Dimension eschatologique. (tourné vers la fin des temps)


Pour Matthieu, Marc et Luc, le jugement est présenté comme survenant au dernier jour, à la fin des temps. Pour Jean, le Jugement est déjà réalisé dès le moment de la rencontre avec le Fils, dans l’acceptation ou le refus : “Qui ne croit pas est déjà condamné” (3, 18), “Celui qui écoute ma parole et croit à celui qui m'a envoyé a la vie éternelle et ne vient pas en jugement, mais il est passé de la mort à la vie (5, 24).

 

Qui sont “les Juifs” ?


Lorsque Jean écrit, le monde juif d’avant 70 a disparu. A la place se met en place un judaïsme palestinien dominé par le courant pharisien opposé au messianisme chrétien. Dans les années 80, à Javné, ils décrètent exclu de la synagogue tout Juif qui proclame Jésus comme envoyé de Dieu. Quand Jean emploie le mot Juif, il pense surtout à ceux qu’il fréquente vers 80-90 et qui ont radicalisé l’opposition Juifs/chrétiens. Par méconnaissance du contexte historique, les chrétiens des premiers siècles ont manqué de discernement et développé un anti-judaïsme qui se transformera, au fil des siècles, en antisémitisme. Il faudra attendre les fruits du Concile Vatican II pour renouer les liens avec “nos frères aînés dans la foi”, supprimer le mot déicide du langage liturgique (prière du Vendredi saint).

 

Ainsi, il aura fallu bien du temps et des conversions pour découvrir que Jésus a été pétri dans le judaïsme, tout comme Paul.

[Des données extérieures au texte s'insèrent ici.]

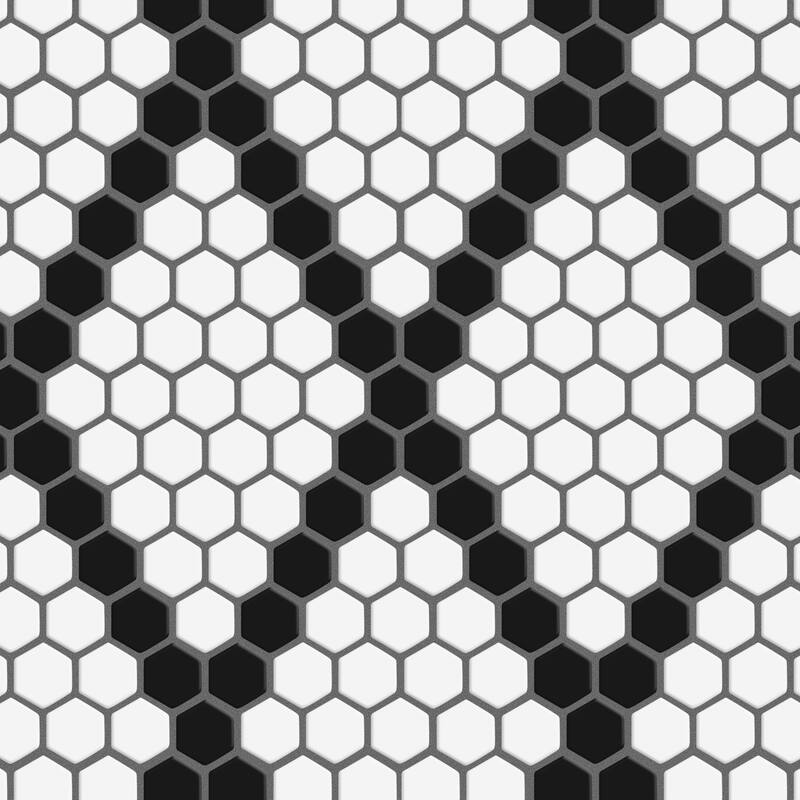 Merola Tile Metro 1" Hex Matte White w/Black Diamond 10-1/4" x 11-7/8" Porcelain Floor and Wall Tile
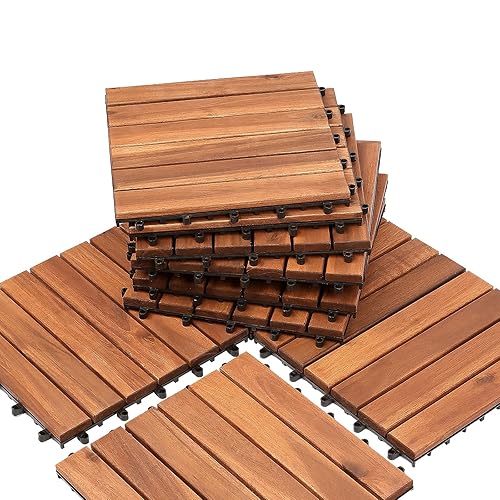 Piastrelle in legno, per terrazze, in legno di acacia, 30 x 30 cm, set da 55 piastrelle, 5 m², con drenaggio per esterni, giardino, terrazza - Honorern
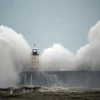 Sóng lớn khi bão Sabine/Ciara chuẩn bị đổ bộ vào bờ biển phía Nam nước Anh ngày 9/2/2020. (Ảnh: AFP/TTXVN)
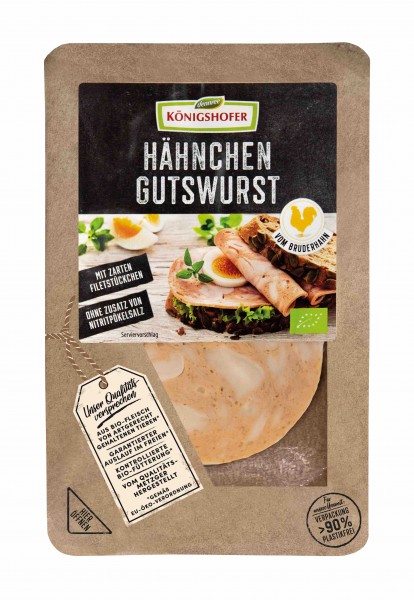 Bruderhahn-Gutswurst mit feinen Filetstückchen, 80 gr Packung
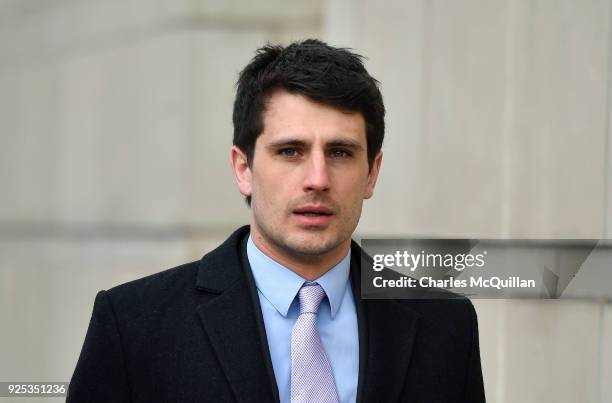 Blane McIlroy arrives at Belfast Laganside courts on February 28, 2018 in Belfast, Northern Ireland. Ireland and Ulster rugby players Paddy Jackson...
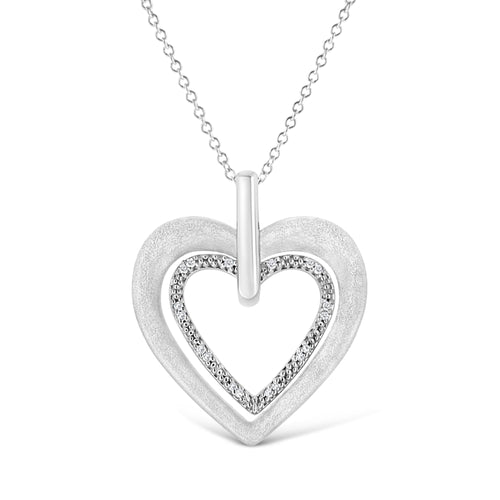 .925 Sterling Silver Prong-Set Diamond Accent Double Heart 18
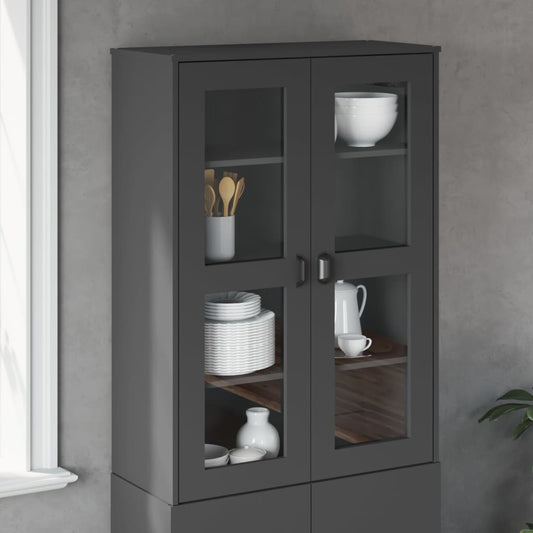 Opzetkast VIKEN bewerkt hout antracietgrijs is nu te koop bij PeponiXL, paradijselijk wonen!
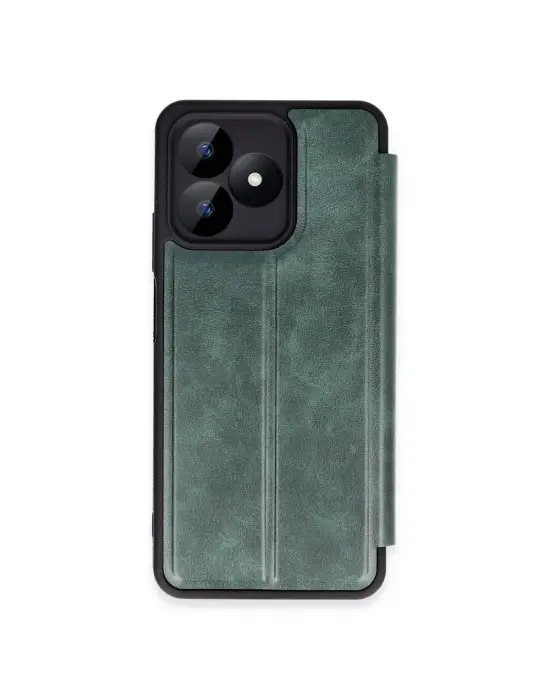 Realme Note 50 4g Kılıf Flip Cover - Koyu Yeşil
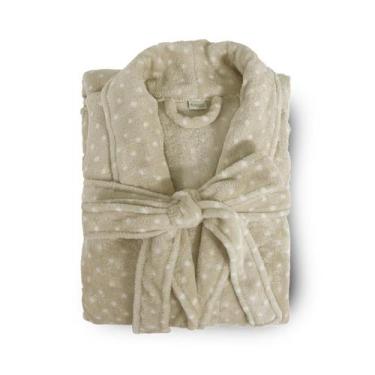 Imagem de Roupão Appel Plush Flannel Estampado Toque Macio, Poá bege, P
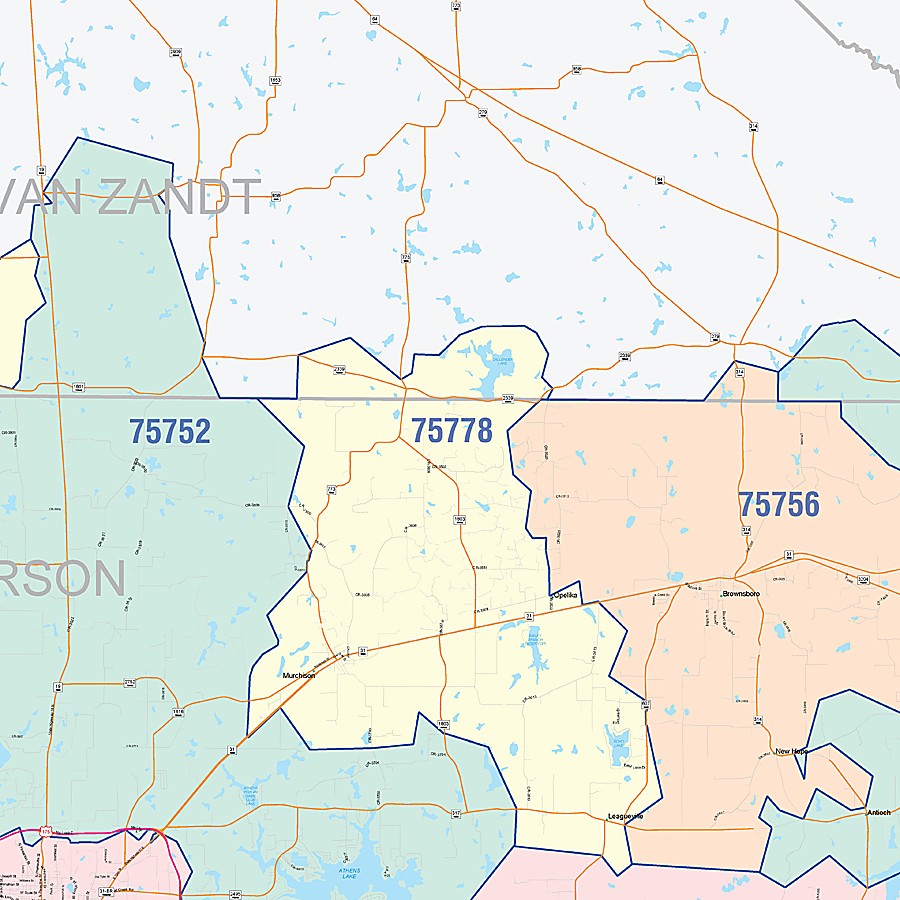 Henderson County, TX Colorcast Style Wall Map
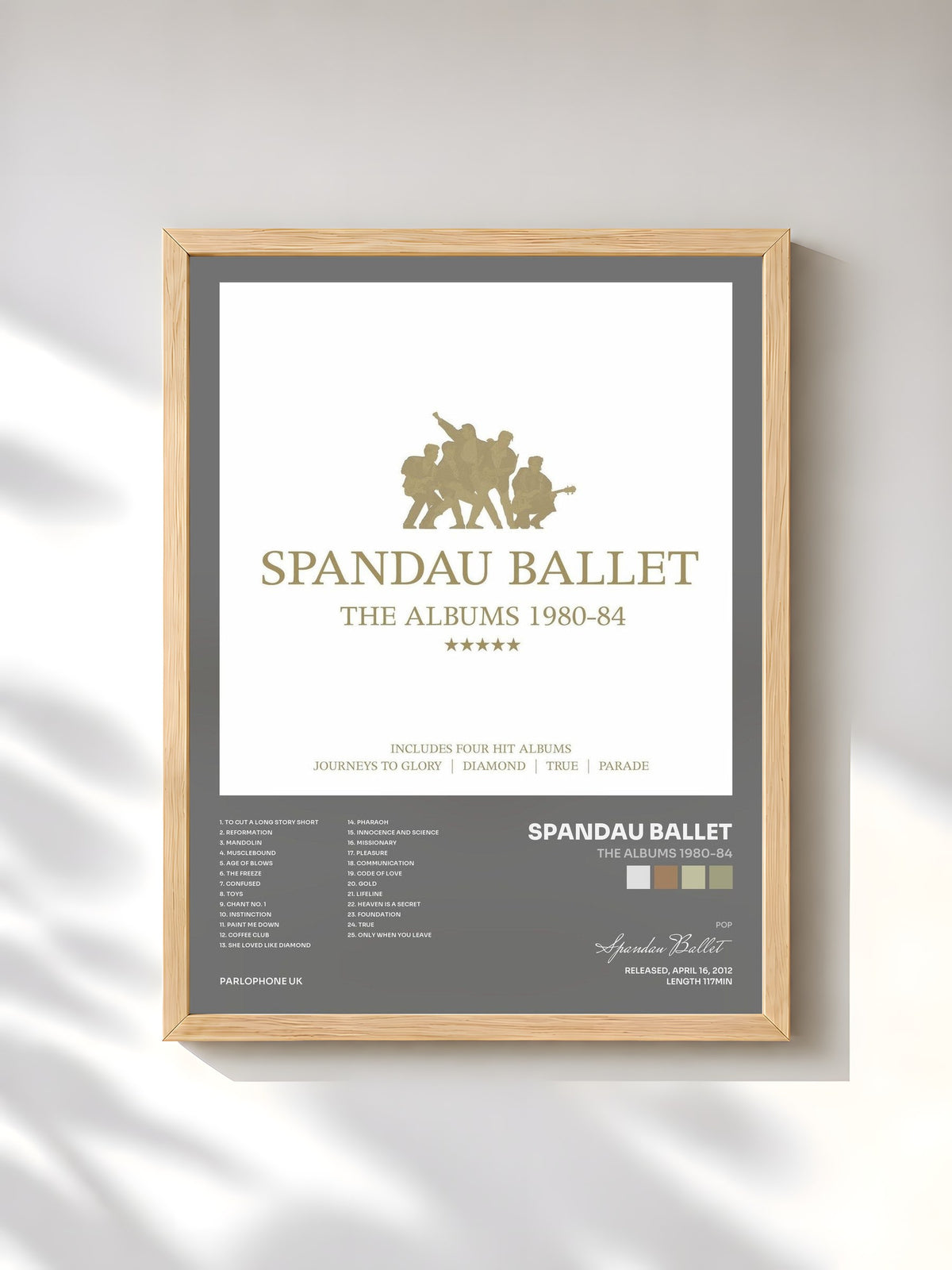 #bois Tableau de l'album The Albums 1980-84 de Spandau Ballet, cadre en bois brut, imprimé et encadré en France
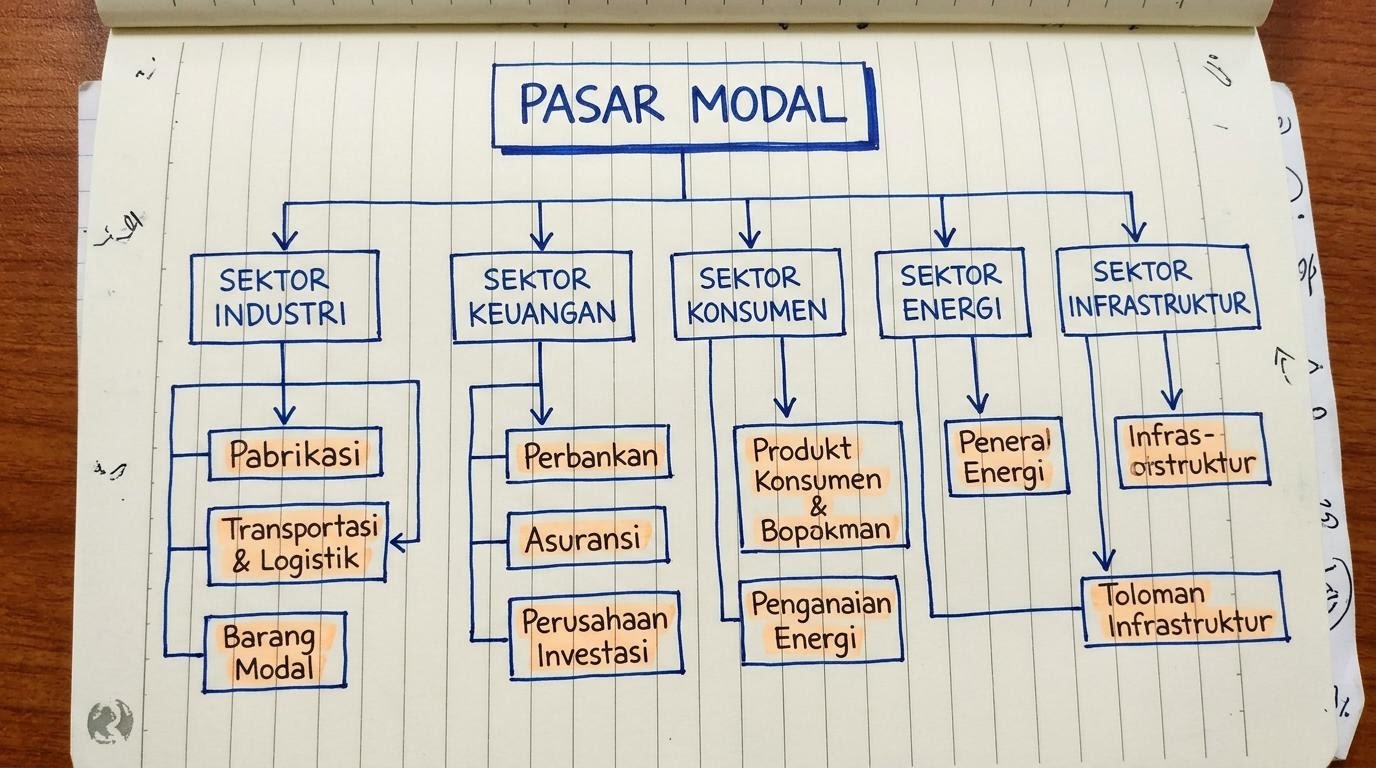 Diagram klasifikasi sektor pasar modal yang dikelompokkan dalam catatan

Pour saint Jean, Jésus est “plein de grâce et de vérité”, celui par qui nous vient la communion avec le Père, pour ne former qu’un seul corps les uns avec les autres. Jésus est le fruit de l’amour gratuit de Dieu pour nous et de sa vraie fidélité, Lui dont parle l’Ancien Testament comme “Dieu de tendresse et de pitié, lent à la colère, riche en grâce et en fidélité” (Exode 34,6). Puissions-nous recevoir Jésus, le Fils par qui il nous est donné de voir le Père. Que l’Esprit fasse de nous des témoins à la suite de Jésus et des disciples.